李三妈道:“大嫂,你有所不知,待我细说你听。但凡你我贫家,养了女儿,便晦气够的。无论做女儿在家的时节,一切疴痒皆关隐痛。及至稍长,则恐其食少身寒,又复百般调养。
迨及笄之岁,一则愁无对头之亲,二则恐有失和之事,此为父母者,养了这一件赔钱货,吊胆提心,刻无宁息。迫至出嫁后,始得安然。可知养女之难,而出嫁之非易也。今见侄女年已及笄,却又生得一表才貌,谅不至他日为人下贱。故老身特为侄女终身而来的。”
仇氏道:“很好,我正要央挽你,你却自来,岂不是天赐其便么?小女今年已长成一十五岁了,正要挽人说合亲事,今得妈妈至此,大合鄙意。倘不以小女为可厌,就烦略一吹嘘,俾他日有所归就,皆为妈妈所赐矣。”
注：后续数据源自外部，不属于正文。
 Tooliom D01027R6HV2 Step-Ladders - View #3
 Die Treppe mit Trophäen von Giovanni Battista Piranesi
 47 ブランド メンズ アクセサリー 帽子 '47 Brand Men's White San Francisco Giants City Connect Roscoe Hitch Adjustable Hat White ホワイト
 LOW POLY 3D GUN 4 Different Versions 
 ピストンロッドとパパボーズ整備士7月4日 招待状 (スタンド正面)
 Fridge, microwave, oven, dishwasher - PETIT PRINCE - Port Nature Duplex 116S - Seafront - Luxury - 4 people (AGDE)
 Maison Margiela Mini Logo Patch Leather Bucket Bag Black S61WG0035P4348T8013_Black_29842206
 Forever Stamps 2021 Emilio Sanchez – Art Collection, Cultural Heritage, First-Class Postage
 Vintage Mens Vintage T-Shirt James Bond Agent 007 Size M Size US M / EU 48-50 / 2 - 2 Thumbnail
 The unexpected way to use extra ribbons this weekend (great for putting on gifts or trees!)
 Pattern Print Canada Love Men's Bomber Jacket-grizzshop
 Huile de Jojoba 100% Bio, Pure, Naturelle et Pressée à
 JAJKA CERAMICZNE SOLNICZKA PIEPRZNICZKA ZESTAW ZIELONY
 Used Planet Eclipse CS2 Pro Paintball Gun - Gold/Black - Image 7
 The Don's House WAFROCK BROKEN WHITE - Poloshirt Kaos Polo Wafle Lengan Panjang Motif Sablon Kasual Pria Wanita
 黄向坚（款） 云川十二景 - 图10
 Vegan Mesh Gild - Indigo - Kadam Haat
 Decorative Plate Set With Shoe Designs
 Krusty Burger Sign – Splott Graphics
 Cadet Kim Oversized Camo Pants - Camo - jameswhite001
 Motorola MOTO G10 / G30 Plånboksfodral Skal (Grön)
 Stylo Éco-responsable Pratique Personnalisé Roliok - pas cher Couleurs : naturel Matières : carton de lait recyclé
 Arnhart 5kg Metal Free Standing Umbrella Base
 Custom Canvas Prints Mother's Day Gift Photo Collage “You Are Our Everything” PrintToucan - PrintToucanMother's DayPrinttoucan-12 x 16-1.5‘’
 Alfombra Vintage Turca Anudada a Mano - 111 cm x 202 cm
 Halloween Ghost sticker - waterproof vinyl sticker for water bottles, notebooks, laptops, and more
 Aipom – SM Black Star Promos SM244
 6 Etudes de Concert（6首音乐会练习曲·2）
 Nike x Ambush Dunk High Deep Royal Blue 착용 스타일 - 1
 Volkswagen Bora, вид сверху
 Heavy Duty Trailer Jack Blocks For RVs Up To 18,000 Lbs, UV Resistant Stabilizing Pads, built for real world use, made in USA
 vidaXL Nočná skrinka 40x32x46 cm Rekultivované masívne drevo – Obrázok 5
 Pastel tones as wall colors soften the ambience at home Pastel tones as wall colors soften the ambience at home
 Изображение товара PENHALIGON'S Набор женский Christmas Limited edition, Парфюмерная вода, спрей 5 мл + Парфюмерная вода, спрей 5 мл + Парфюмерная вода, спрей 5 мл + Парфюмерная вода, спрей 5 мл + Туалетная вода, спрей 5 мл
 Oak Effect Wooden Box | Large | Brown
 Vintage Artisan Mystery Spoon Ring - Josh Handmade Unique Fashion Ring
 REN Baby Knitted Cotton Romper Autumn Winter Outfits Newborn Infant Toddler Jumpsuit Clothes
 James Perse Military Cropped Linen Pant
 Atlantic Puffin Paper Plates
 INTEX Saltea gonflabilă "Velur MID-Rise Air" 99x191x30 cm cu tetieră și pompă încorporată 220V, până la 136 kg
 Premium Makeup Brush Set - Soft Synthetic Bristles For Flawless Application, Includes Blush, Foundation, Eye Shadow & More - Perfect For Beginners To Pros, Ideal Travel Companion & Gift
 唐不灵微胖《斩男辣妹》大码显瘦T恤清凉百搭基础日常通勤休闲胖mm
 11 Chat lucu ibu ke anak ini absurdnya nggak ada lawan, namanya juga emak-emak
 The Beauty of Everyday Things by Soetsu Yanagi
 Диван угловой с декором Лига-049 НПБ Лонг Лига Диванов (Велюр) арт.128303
李三妈乘势说道:“目下就有一门最美的亲事。但只怕令爱福薄,不能消受耳!”(原夹注:说来真是媒婆声口,见于人情,今日信然。)仇氏道:“小女荆钗布裙,但得一饭足矣,又何敢过望?”李三妈道:“非也。女生外向,又道贫女望高嫁,亦料不定的。今有内城通政司严府掌权的原夹注:“掌权”二字甚新。严二先生,他要娶一房妻子,不拘聘金。我想严府如今正盛,这位二先生家资巨万,相与尽是官员,哪一个不与他来往?原夹注:正所谓相与尽富贵,信然哉!若是令爱归他家,就是神仙般快活呢!今早二先生特唤我去吩咐,立找一头亲事,年纪只要十五六岁的,才得合式。我想令爱人品既称双美,年纪又复合式,正合他意,故此特命老身来说。倘若大嫂合意,写纸年庚交与老身带去,是必撮得来的。”仇氏问道:“你说二先生,莫非就是通政司署中严爷的家人么?”李三妈道:“正是。怎么你也晓得!”仇氏道:“他曾与我老儿有些交手,故此认得。”李三妈道:“既是有相与的,最容易的了。到底大嫂之意若何?”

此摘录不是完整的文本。